Dies änderte sich schlagartig mit der Einführung langlebiger Plastikprodukte wie Flaschen, Verpackungen, Feuerzeuge schlicht allem, was sich aus den leicht formbaren Erdölprodukten herstellen ließ. Weltweit werden jährlich 125 Millionen Tonnen Kunststoff produziert. Auch der daraus entstehende Müll landet schließlich zu einem großen Teil im Meer.

Plastik löst sich nach der Nutzung als Zivilisationsprodukt jedoch nicht einfach in seine Bestandteile auf. Im Gegenteil: Manche Plastikkomponenten brauchen bis zu 450 Jahre für eine Zersetzung. Laut einer Studie des Umweltprogrammes der Vereinten Nationen (UNEP) treiben derzeit bis zu 18.000 Plastikteile in jedem Quadratkilometer der Weltozeane.

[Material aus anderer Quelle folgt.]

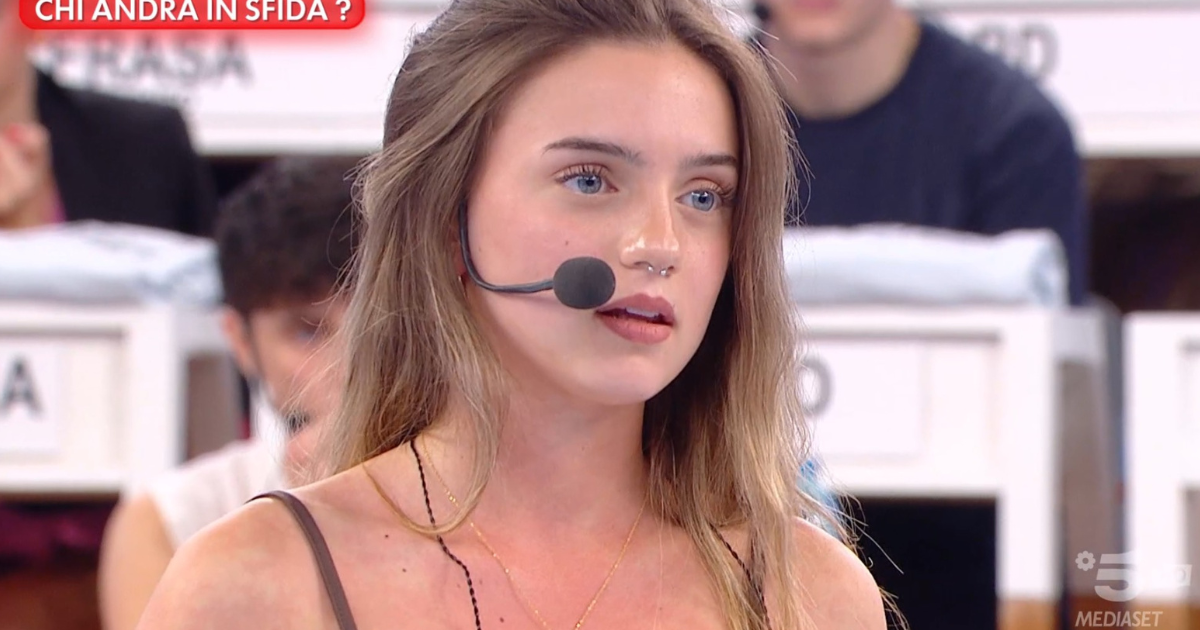 Amici 25: l’esibizione di Flavia viene stroncata dai prof, ma lei non ci sta e ribatte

Der Müll, der sich im immer gleichen Kreise dreht

Obwohl Plastikmüll weltweit in den Ozeanen schwimmt, gibt es Regionen, in denen sich der Müll besonders stark konzentriert. Ein solcher Brennpunkt liegt im Nordost-Pazifik zwischen den Inseln Hawaiis und dem amerikanischen Festland. Dort erzeugt ein riesiges Hochdruckgebiet einen gigantischen Meeresstrudel, der sich im Uhrzeigersinn dreht und sich aus dem Kreislauf aufsteigender warmer subtropischer Luftmassen und absinkender kühlerer Luftmassen speist.

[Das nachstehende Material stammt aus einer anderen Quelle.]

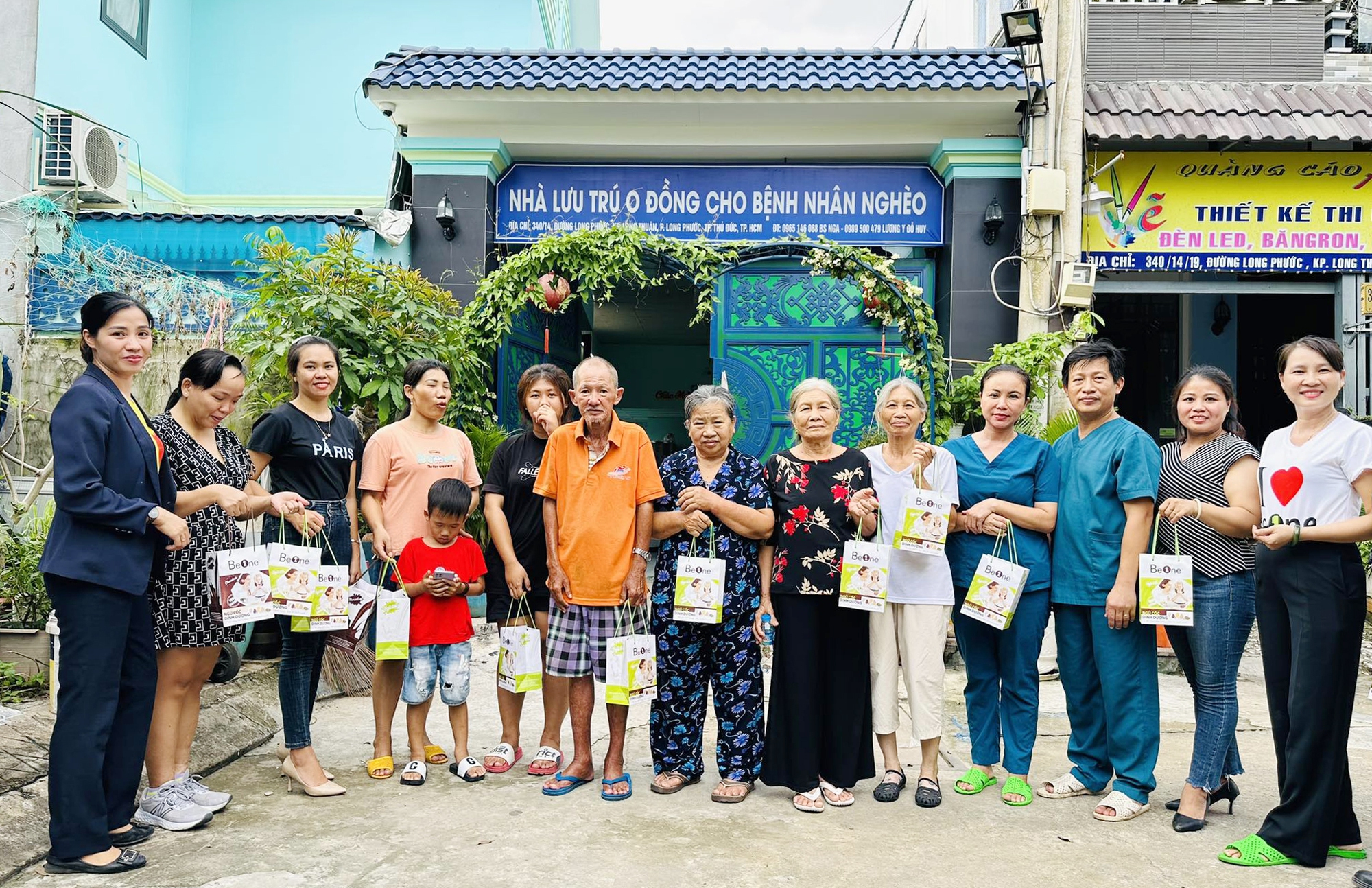 Tấm lòng thơm thảo của vợ chồng bác sĩ- Ảnh 3.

Anders als an den Küsten, wo die Meeresströmung stark vom Küstenverlauf beeinflusst wird, ist die Strömung im freien Ozean abhängig von den direkt darüber liegenden Luftmassen. Auf diese Weise entsteht - tausende Seemeilen vom Festland entfernt - ein gigantischer Meereswirbel. Wird der im Meer treibende Müll von der Strömung erfasst, bleibt er nach Angaben der US-amerikanischen National Oceanic and Atmospheric Administration (NOAA) bis zu 16 Jahre in diesem Gebiet.

Die Folge ist ein gigantischer, nahezu geschlossener Müllteppich, der mittlerweile die Größe Zentraleuropas erreicht hat. Japanische Wissenschaftler sagen voraus, dass jedes in den Nordpazifik eingebrachte Plastikteil über kurz oder lang in diesem Müllstrudel endet.

Plastik als Giftschwamm

Wasserunlösliche, giftige Substanzen wie DDT oder PCB docken im Wasser an die Oberfläche des treibenden Plastikmülls an. Wissenschaftler wiesen eine millionenfach erhöhte Konzentration dieser Dauergifte (Persistent Organic Pollutants, POPs) an Plastikpartikeln im Vergleich zum umgebenden Meerwasser nach.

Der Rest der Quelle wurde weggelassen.